I tried to use pliers to straighten it out but you can see it's still bent. Shortly after "the incident", I decided to buy a set of cheap knives from Ikea and now nobody is allowed to touch a knife that doesn't say "Ikea" on it.

I wanted to buy a better paring knife anyway, but I like the profile of this one. I like the straight edge w/ the straight angled tip, and I really like the heft in the handle. Any suggestions on similar paring knives? Budget up to $100 for a good one but prefer less. Looking only for stainless.

Also if anyone knows a way to properly fix this one, please let me know.


----------



## osakajoe (Jun 18, 2019)

To fix a bent tip you need to file/grind it off. Then resharpen your life choices, er I mean knife. 

If looking to replace, Kasumi paring knife? Probably still over the budget but only one that comes to my mind with a flat profile


----------



## Brontes (Jun 18, 2019)

The profile is not exact, though I think these paring knives tick off some the boxes. I own multiple of the 2 3/4" knives. Great for in hand paring.

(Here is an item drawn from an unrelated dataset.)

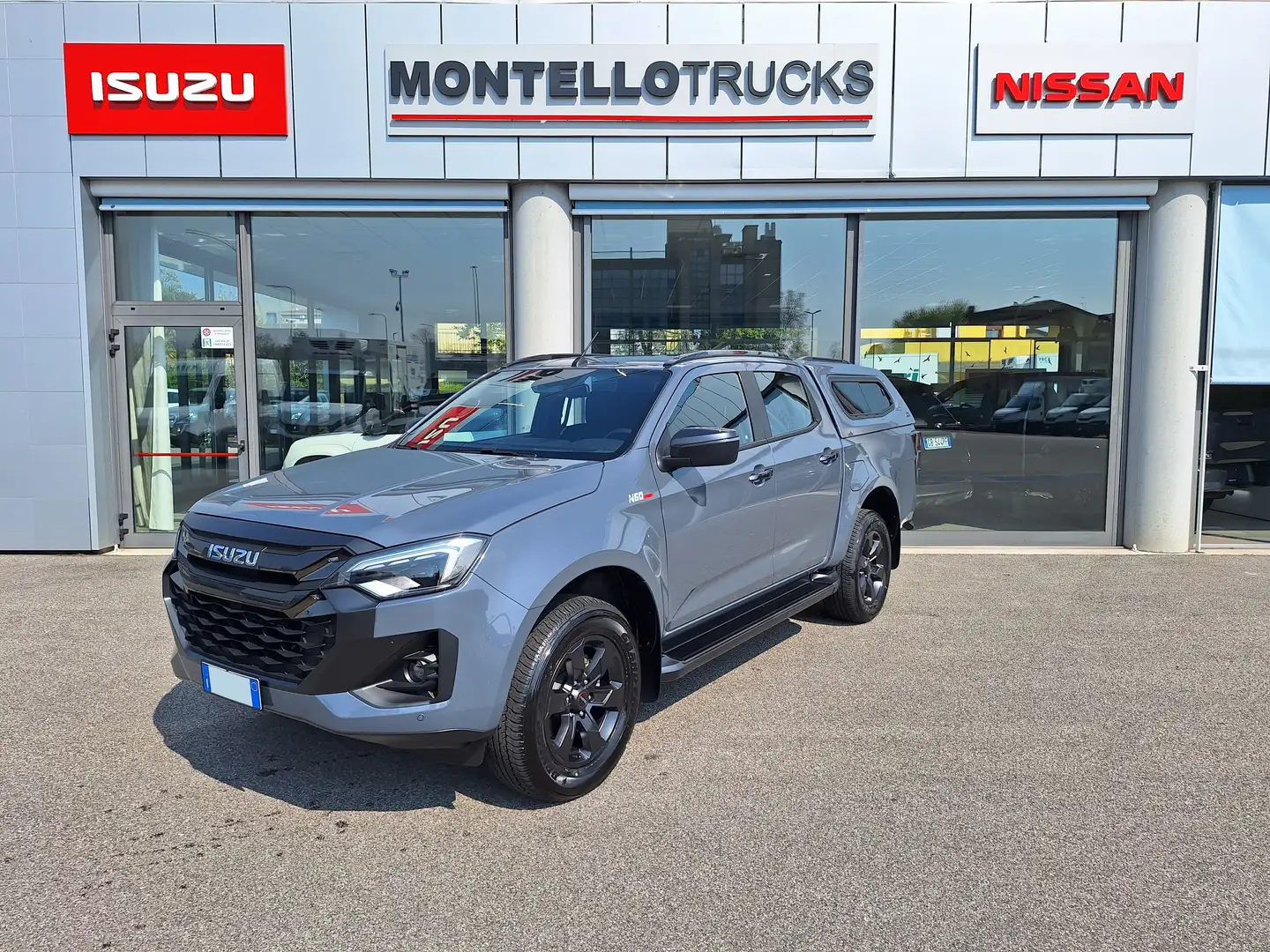Isuzu D-Max 1.9Crew N60 Nitro Sport 4x4 A/T HARD TOP AZIENDALE Grijs - 1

https://www.thebestthings.com/knives/sabatier_nogent.htm


----------



## SeattleBen (Jun 18, 2019)

Not dead flat looking like what you had but the JKI paring knives are about as cheap as they get and I'm sure that if Jon's selling them they're good.

https://www.japaneseknifeimports.com/products/gesshin-120mm-paring-knife


----------



## elana (Jun 18, 2019)

I found the Kasumi on Amazon and it's beyond my budget. But Amazon then had this Shun in a list of similar items. Thoughts? 


https://www.amazon.com/gp/aw/d/B00QU8GL6S/ref=psdcmw_289859_t3_B000RI9OHU




osakajoe said:


> To fix a bent tip you need to file/grind it off. Then resharpen your life choices, er I mean knife.
> 
> If looking to replace, Kasumi paring knife? Probably still over the budget but only one that comes to my mind with a flat profile


----------



## GorillaGrunt (Jun 19, 2019)

Henckels makes a sheepsfoot paring knife, they call it “kudamono.” I believe there is a Miyabi version too, maybe in a better steel and thinner. Flat profile although the tip isn’t pointy. I have the Henckels and full disclosure, don’t use it at all. I’ve also seen one with exactly the blade shape of yours in an old Chicago Cutlery set or similar.


----------



## osakajoe (Jun 19, 2019)

Kudamono means fruit in Japanese, so they probably mean fruit knife


----------



## elana (Jun 19, 2019)

Someone I know pointed me to the miyabi kaizen kudamono which I was also considering, but like you said it doesn't have a pointy tip. Not a big deal, I don't think. It's VG-10 steel which is fine for me. Not sure how it compares to the Shun I listed above, which is cheaper. 

https://www.zwilling.com/us/miyabi-kaizen-3.5-inch-kudamono-paring-knife/34181-093.html



GorillaGrunt said:


> Henckels makes a sheepsfoot paring knife, they call it “kudamono.” I believe there is a Miyabi version too, maybe in a better steel and thinner. Flat profile although the tip isn’t pointy. I have the Henckels and full disclosure, don’t use it at all. I’ve also seen one with exactly the blade shape of yours in an old Chicago Cutlery set or similar.


----------



## GeneH (Aug 18, 2019)

I grind mine off when that happens. But then again that’s the hobby/obsession component of the knives I have.


----------



## Benuser (Aug 18, 2019)

Have done it only with soft carbons, but to a certain degree putting in a vice helped with bended or warped blades.


----------